Known by many names, the concept of stuffing a bird within a bird within a bird is slightly unusual – but very delicious. Clare Finney explores the origins of this celebratory dish which requires some serious skill in butchery to create.
Known by many names, the concept of stuffing a bird within a bird within a bird is slightly unusual – but very delicious. Clare Finney explores the origins of this celebratory dish which requires some serious skill in butchery to create.
Christmas: a time of excess, celebration and overindulgence. A time for eating and drinking, not out of thirst or hunger, but for the sheer pleasure of it all. A time to see a turkey and think, why stop there? Why confine myself to one type of bird, when I can, with some ingenuity or a good butcher, eat three types, five types – hell, even seventeen types, wrapped together in a portmanteau that would make even the staunchest of vegetarians stifle a smile?

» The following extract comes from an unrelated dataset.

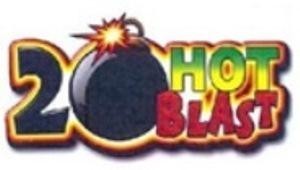 Paraqitja e markës 20HOT BLAST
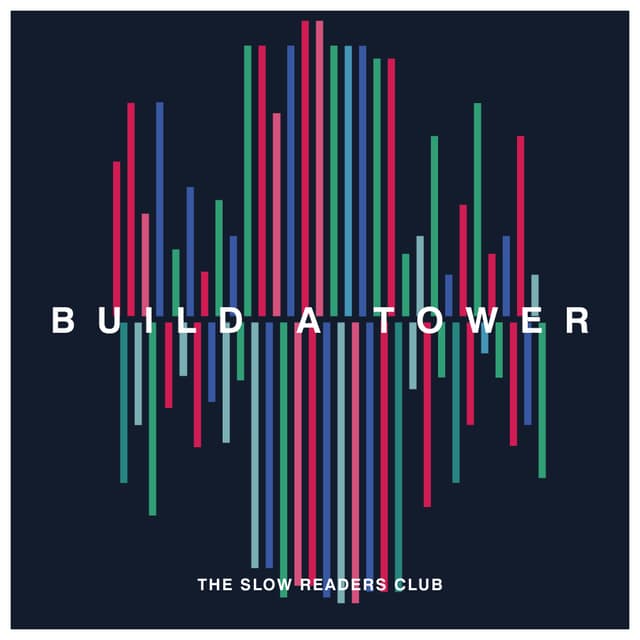 Album cover art for Build a Tower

Why not a turducken? It looks like a turkey, cooks like a turkey, yet carves like a terrine. A terrine of turkey, duck, the odd bit of herby sausage stuffing, and chicken. The late Cajun chef Paul Prudhomme claimed to have invented it in Louisana in the 1970s, but his authorship seems difficult to countenance when you consider that in eighteenth century France the palace chefs were stuffing seventeen birds into each other as a matter of routine. Chinese chefs often take a variety of birds and form them into one package for grand celebrations. Even us Brits were at it: great multi-bird roasts were the height of fashion amongst Tudor landowners, being edible proof of the wealth of the household and the estate’s thriving game population. The three or four bird roast made a regular appearance at the Victorian Christmas table – Queen Victoria was said to have been a fan – whilst in fifteenth century we were stitching the head and upper torso of a pig and rooster together to create the franken-feast that is the cockentrice.
What these dishes have in common – besides all being examples of engastration, the practice of stuffing and cooking one animal inside another – is that they’re feast dishes. They’re expensive – anything from £80 to almost £200 depending on the birds’ size and number – and incredibly time consuming, taking at least forty-five minutes simply to debone and assemble. Perhaps that explains their recent return to popularity: as public interest in food, cooking and mammoth creations like those on Bake Off and MasterChef increases, the art of stuffing a chicken into a duck into a turkey or goose has taken on the aura of an ultimate feat.A proper turducken cannot be mass-produced; those seeking to buy a one ‘ready made’ will need to seek out a high-quality and highly skilled butchers, whose carcasses invariably come from organic, free-range sources. Those looking to make one themselves will need eight hours and a finger or two to spare (deboning injuries are not uncommon) along with a detailed recipe.
For butchers and farmers the three, four, ten or fifteen bird roast is a way of adding value to their stock – something Claire Symington of Seldom Seen Farm found in the early 1990s. She’s been credited with reviving the dish in Britain, together with television chefs like Antony Worrall Thompson and Hugh Fearnley-Whittingstall, who famously cooked a ten bird roast for his River Cottage Medieval Christmas Banquet. For the dinner host, they are a showstopper on a scale many could only dream of, whilst for the foodies, they provide a flavour profile to which a simple goose or turkey could never come close.